* Exercise data
--------------------------------------------------
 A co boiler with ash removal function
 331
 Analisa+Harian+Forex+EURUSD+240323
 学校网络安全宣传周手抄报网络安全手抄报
--------------------------------------------------
* How to complete this task
Set out exactly the run of lines that begins at the line holding "Analisa+Harian+Forex+EURUSD+240323" and ends at the last line of the data.

* Final answer
 Analisa+Harian+Forex+EURUSD+240323
 学校网络安全宣传周手抄报网络安全手抄报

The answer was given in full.